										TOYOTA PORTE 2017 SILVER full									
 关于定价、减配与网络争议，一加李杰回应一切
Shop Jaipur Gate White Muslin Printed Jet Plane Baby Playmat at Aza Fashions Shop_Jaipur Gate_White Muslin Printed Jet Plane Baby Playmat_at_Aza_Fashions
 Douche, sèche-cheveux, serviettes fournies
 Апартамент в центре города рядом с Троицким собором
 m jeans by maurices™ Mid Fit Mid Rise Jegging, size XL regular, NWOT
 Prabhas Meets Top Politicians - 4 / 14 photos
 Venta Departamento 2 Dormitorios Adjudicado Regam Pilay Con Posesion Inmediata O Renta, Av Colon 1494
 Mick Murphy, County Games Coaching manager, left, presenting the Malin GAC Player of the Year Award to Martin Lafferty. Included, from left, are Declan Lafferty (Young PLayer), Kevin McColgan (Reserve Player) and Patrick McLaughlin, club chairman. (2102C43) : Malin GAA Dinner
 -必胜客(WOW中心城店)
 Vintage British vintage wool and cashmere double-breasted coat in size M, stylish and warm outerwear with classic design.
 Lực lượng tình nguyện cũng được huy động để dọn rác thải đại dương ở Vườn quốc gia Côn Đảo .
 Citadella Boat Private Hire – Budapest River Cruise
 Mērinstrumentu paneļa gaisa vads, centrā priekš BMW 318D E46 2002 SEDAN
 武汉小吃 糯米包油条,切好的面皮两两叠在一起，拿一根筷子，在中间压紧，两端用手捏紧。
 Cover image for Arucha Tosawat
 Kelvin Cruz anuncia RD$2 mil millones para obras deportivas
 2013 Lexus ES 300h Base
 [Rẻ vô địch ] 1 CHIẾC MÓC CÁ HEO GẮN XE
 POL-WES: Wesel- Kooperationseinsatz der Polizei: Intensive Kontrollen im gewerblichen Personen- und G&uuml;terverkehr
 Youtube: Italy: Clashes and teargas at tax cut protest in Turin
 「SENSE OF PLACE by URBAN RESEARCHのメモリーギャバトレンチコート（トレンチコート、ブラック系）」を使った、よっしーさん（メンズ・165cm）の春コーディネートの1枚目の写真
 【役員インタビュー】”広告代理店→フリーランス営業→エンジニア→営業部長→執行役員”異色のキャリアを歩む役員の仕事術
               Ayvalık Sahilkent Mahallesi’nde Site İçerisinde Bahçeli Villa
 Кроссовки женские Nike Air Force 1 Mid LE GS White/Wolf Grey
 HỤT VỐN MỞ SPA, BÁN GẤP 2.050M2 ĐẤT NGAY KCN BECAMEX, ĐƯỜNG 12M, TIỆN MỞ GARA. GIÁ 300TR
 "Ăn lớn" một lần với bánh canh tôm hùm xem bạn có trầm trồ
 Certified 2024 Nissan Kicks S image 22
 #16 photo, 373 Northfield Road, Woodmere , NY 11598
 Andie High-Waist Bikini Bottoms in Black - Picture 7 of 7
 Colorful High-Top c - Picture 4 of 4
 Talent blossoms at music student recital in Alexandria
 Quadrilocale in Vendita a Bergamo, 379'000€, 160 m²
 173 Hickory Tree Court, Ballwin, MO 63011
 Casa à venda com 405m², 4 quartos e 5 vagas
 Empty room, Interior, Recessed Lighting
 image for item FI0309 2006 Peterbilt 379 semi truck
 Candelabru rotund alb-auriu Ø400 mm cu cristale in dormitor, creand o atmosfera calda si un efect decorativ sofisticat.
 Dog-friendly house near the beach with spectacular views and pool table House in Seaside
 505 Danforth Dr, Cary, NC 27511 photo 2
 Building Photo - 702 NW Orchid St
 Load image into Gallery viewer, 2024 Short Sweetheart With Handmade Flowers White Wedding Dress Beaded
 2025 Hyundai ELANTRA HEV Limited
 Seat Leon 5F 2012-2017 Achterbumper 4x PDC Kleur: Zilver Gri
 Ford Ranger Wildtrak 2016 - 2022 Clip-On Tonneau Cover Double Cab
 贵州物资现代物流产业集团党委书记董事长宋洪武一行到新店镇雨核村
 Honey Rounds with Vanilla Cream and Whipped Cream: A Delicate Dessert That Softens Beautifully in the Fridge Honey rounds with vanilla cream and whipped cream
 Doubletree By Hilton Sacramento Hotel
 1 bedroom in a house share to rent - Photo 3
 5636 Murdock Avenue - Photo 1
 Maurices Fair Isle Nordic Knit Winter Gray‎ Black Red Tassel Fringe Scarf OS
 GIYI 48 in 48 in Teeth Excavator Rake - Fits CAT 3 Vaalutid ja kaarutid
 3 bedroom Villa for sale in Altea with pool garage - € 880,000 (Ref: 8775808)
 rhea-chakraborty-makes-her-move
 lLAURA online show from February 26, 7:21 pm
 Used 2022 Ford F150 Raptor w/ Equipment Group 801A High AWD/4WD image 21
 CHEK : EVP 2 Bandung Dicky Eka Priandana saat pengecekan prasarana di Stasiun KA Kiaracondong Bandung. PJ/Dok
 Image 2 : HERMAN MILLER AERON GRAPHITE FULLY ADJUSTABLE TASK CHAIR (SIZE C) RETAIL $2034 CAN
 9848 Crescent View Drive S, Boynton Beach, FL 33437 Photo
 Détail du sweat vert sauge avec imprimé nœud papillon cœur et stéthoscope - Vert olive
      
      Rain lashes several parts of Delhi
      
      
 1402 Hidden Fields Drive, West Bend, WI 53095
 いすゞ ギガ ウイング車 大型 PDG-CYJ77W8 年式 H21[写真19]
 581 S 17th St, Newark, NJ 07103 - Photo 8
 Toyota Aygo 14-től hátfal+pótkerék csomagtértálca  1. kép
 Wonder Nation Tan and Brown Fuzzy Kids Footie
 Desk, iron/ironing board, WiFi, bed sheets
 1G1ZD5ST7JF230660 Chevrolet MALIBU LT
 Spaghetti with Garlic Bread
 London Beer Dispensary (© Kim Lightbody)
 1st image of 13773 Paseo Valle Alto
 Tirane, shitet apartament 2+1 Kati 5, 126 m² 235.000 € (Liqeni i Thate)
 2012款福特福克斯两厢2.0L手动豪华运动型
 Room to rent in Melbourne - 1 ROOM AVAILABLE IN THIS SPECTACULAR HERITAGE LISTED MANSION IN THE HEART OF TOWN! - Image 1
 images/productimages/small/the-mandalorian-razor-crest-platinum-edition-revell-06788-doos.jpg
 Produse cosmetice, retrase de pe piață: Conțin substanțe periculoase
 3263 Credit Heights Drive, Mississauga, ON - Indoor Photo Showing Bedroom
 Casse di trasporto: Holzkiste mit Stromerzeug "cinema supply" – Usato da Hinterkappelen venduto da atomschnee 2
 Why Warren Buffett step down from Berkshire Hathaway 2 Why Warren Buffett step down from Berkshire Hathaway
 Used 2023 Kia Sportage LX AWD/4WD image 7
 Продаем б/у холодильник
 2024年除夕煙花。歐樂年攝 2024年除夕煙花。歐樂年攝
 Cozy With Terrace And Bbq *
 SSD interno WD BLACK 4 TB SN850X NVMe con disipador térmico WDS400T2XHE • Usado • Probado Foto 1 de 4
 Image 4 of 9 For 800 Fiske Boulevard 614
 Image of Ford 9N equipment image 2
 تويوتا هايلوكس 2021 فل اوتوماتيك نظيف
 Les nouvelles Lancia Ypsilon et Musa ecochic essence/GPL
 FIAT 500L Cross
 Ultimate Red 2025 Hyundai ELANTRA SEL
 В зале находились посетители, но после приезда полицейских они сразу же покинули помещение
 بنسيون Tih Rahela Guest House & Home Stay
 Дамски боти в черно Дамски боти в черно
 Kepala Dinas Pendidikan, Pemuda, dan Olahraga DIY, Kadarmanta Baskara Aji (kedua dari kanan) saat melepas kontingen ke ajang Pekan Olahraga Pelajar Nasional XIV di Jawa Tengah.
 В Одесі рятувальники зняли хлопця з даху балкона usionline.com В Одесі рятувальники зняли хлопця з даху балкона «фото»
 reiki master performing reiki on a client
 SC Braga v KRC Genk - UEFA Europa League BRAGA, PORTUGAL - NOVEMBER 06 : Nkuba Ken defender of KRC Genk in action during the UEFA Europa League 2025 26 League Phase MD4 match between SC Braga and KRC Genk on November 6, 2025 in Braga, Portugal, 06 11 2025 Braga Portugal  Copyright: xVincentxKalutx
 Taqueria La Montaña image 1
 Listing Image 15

....

# WHAT THE TASK REQUIRES
Please reproduce, exactly as they appear above, the lines from the line containing "image for item" up to and including the line containing "Ford Ranger Wildtrak".

# TASK RESULT
 image for item FI0309 2006 Peterbilt 379 semi truck
 Candelabru rotund alb-auriu Ø400 mm cu cristale in dormitor, creand o atmosfera calda si un efect decorativ sofisticat.
 Dog-friendly house near the beach with spectacular views and pool table House in Seaside
 505 Danforth Dr, Cary, NC 27511 photo 2
 Building Photo - 702 NW Orchid St
 Load image into Gallery viewer, 2024 Short Sweetheart With Handmade Flowers White Wedding Dress Beaded
 2025 Hyundai ELANTRA HEV Limited
 Seat Leon 5F 2012-2017 Achterbumper 4x PDC Kleur: Zilver Gri
 Ford Ranger Wildtrak 2016 - 2022 Clip-On Tonneau Cover Double Cab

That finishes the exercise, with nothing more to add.